Regarding discrimination, the Elliott-Larsen Civil Rights Act provides protection from discrimination in housing accommodations on the basis of religion, race, color, national origin, age, sex, or marital status. There is an exemption in the law where the landlord or a member of the landlord's immediate family resides in one of the units. However, the Civil Rights Act of 1866 prohibits discrimination on the basis of race in ALL property transactions; and since federal law trumps state law, the federal law must be followed. Therefore, landlords can NEVER discriminate on the basis of race. Also, persons with disabilities are protected from discrimination. Landlords must accommodate disabled persons unless they demonstrate that the accommodation would impose an undue hardship or that they or their immediate family resides in 1 of the units under certain circumstances.
Finally, a tenant is entitled to quiet enjoyment of the premises and landlords are prevented from interfering with that enjoyment unless they are acting pursuant to court order, or the interference is only temporary in order to make needed repairs or inspection as provided by law. Landlords are not allowed to enter a tenant's property whenever they want, nor are they allowed to eject a tenant in a forcible or unlawful manner. A tenant who is put out or held out of their rented property in a forcible and unlawful manner, is entitled to recover 3 times the amount of his actual damages or $200.00, whichever is greater, in addition to recovering possession.
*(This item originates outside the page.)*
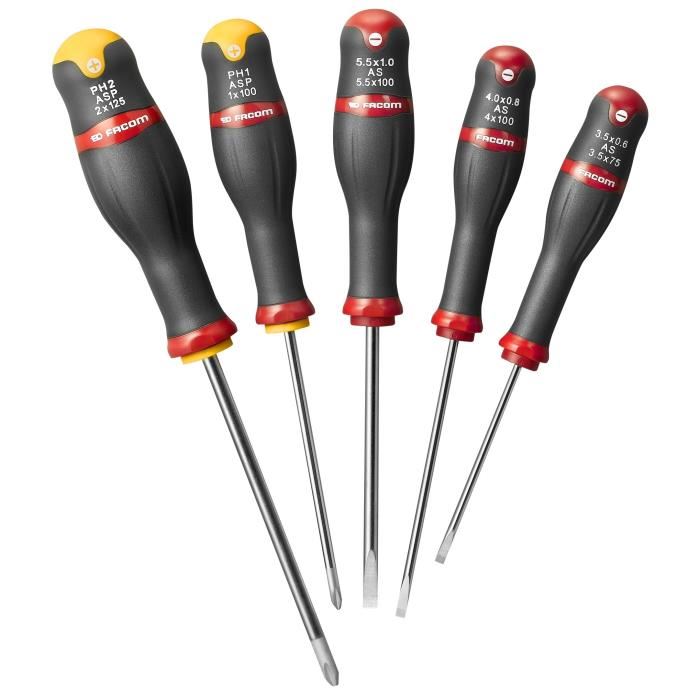 Boite A Outils - Facom - Bp.c19ncm1pb + 16 Outils (livre Avec 5 Tvis Protwist + 9 Cles Males + 1 Pince Multiprise + 1 Mesure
Furthermore, a tenant whose possession has been unlawfully interfered with by the landlord or their agents shall be entitled to recover the amount of his actual damages or $200.00, whichever is greater, for each occurrence and, where possession has been lost, to recover possession. Landlords cannot use or threaten force, nor can they remove or destroy a tenant's personal property. They cannot change the locks without immediately providing keys, nor can they board up the premises. They cannot interrupt a service procured by the tenant or which the landlord is under a duty to furnish, if that service is so essential that its interruption would constitute constructive eviction, including heat, running water, hot water, electric, or gas service. Lastly, they cannot introduce noise, odor or other nuisance.
Any person involved in a landlord-tenant relationship must be aware of these laws. Landlords must inform their staff as for example, if certain language is not included in leases and certain time frames are not met, rights can be very limited. Tenants who must breach their lease in advance pray for the landlord to miss the 30-day deadline. If the notice of damages retained from the security deposit does not go out within 30 days after the tenant terminates the tenancy, all rights to the security deposit and any other damages are waived. Also, it must be clear that deference must be made to the federal Civil Rights Act and no discrimination on the basis of race must ever occur. The landlord-tenant relationship is tenuous at best. Knowledge of the applicable law by both parties sets forth expectations, reduces unnecessary problems, and lays a foundation for a positive relationship.